Image-caption web data
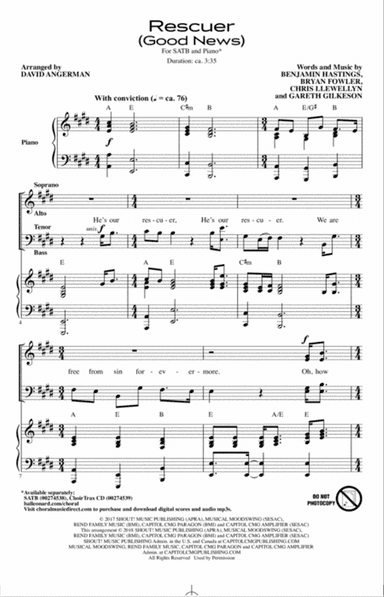 Rescuer (Good News) (arr. David Angerman)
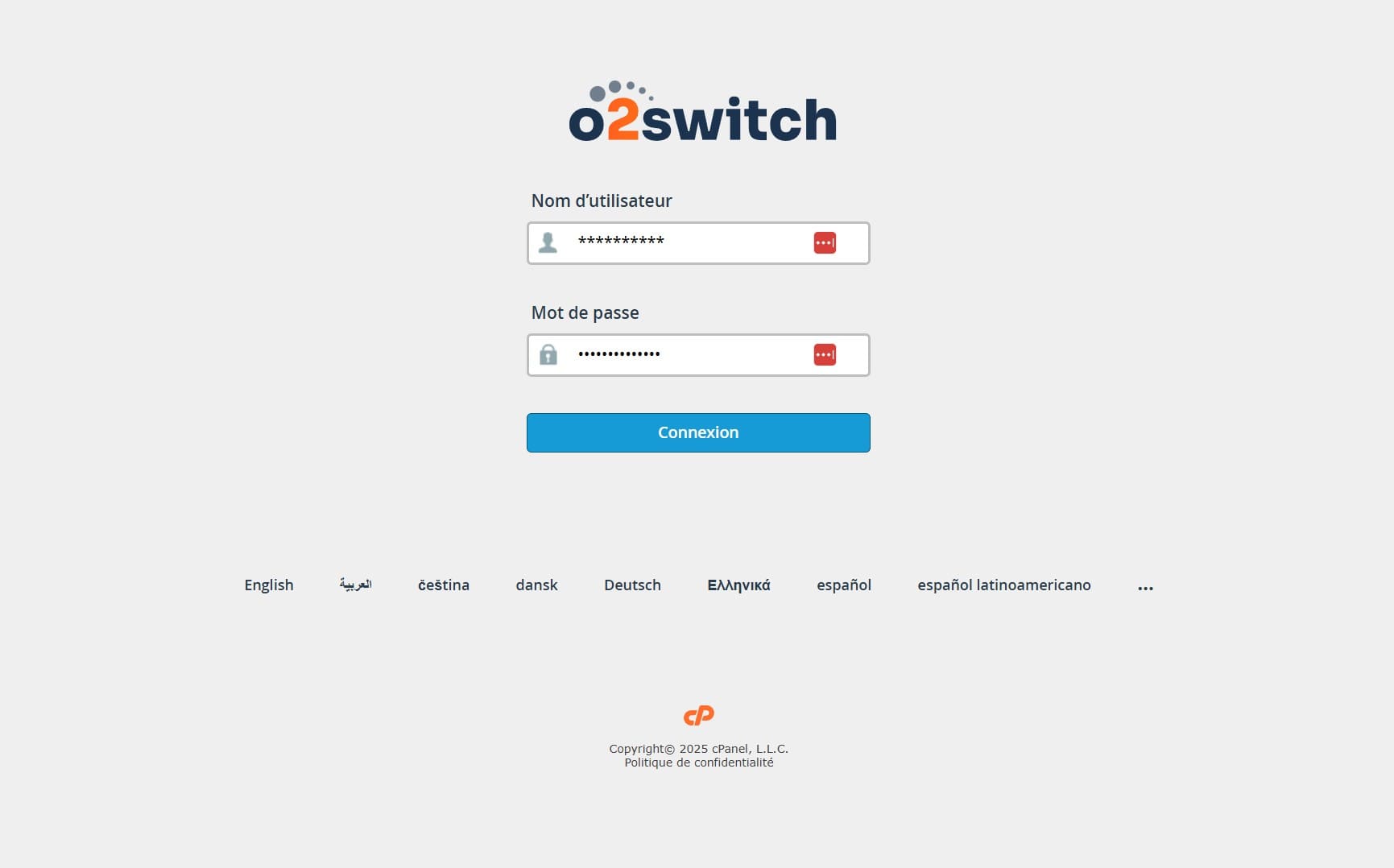 Page de connexion o2switch avec choix de langue.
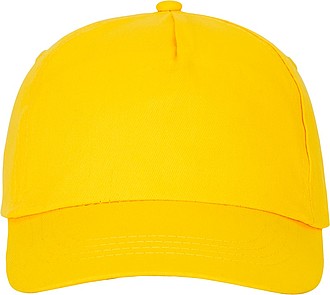Pětipanelová bavlněná čepice Feniks, žlutá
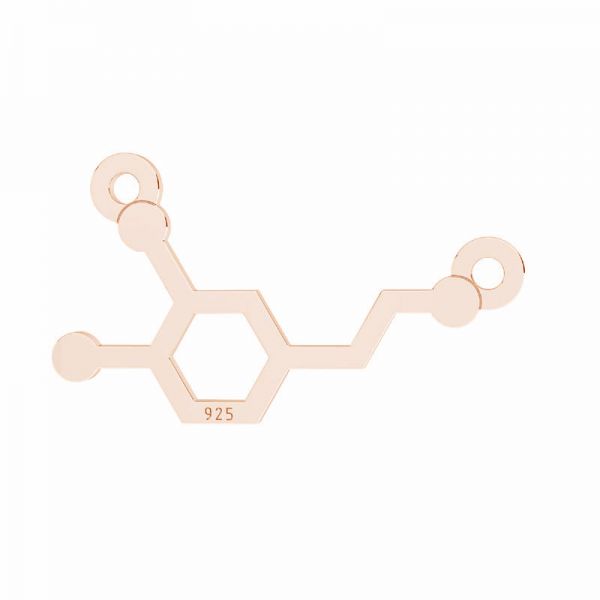 Dopamine chemical formula pendant connector, silver 925, LKM-3248 - 05 14,2x18,6 mm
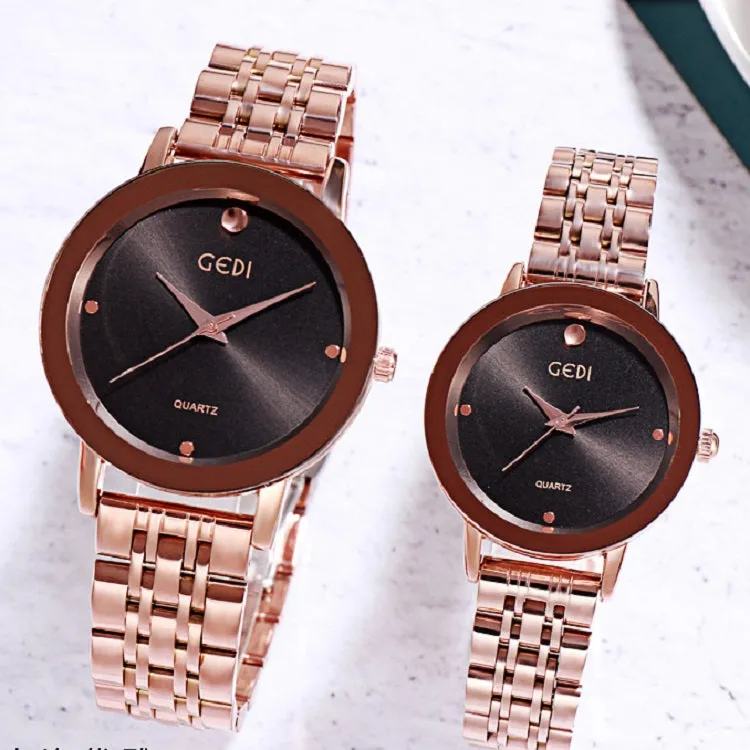 Simple Dial Steel Strap Couple Watch Women's Watch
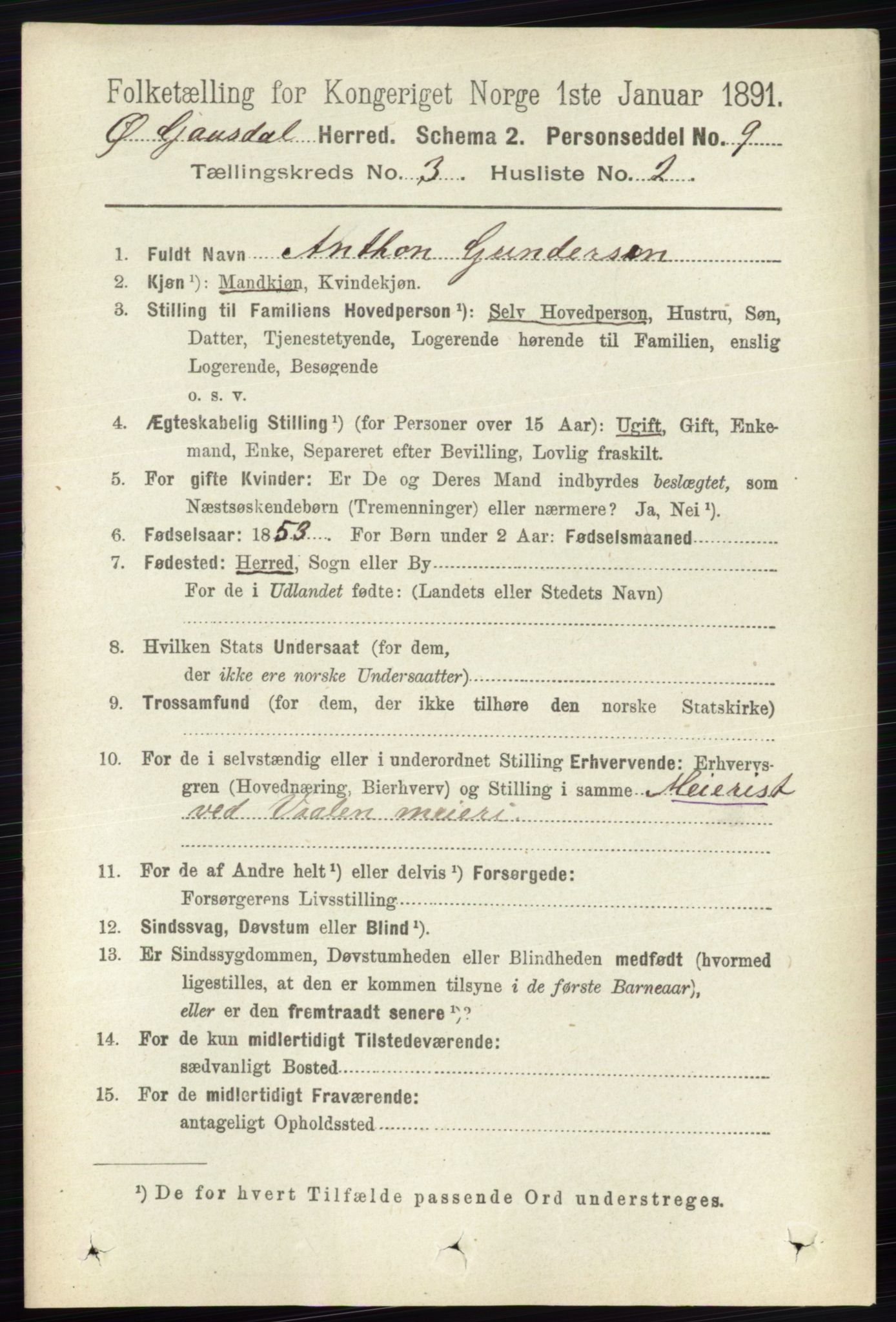 RA, 1891 census for 0522 Østre Gausdal, 1891, p. 1729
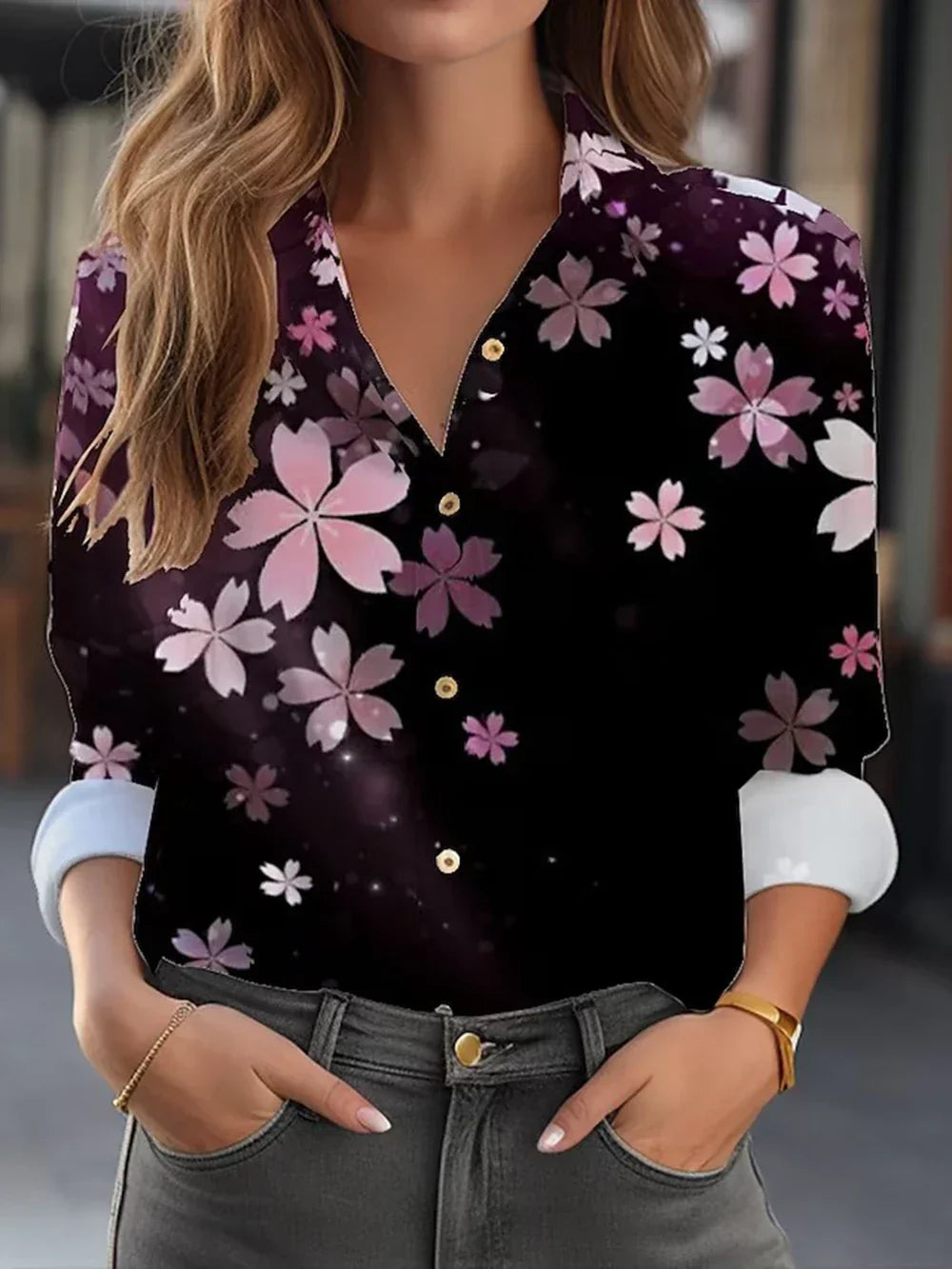 Women's Elegant Floral Print Blouse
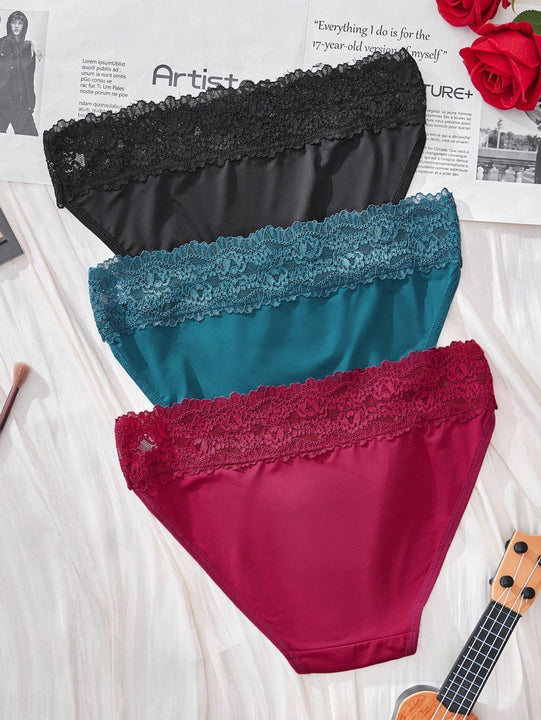 3 piezas de bragas para damas de media altura con encaje, comodas, frescas y sin rastro con diseno de triangulo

__PROBLEM TO WORK ON__:
Exclude all pictures and return precisely the lines from the one containing "RA, 1891 census" through the closing line of the data.

__RESULT__:
 RA, 1891 census for 0522 Østre Gausdal, 1891, p. 1729
 Women's Elegant Floral Print Blouse
 3 piezas de bragas para damas de media altura con encaje, comodas, frescas y sin rastro con diseno de triangulo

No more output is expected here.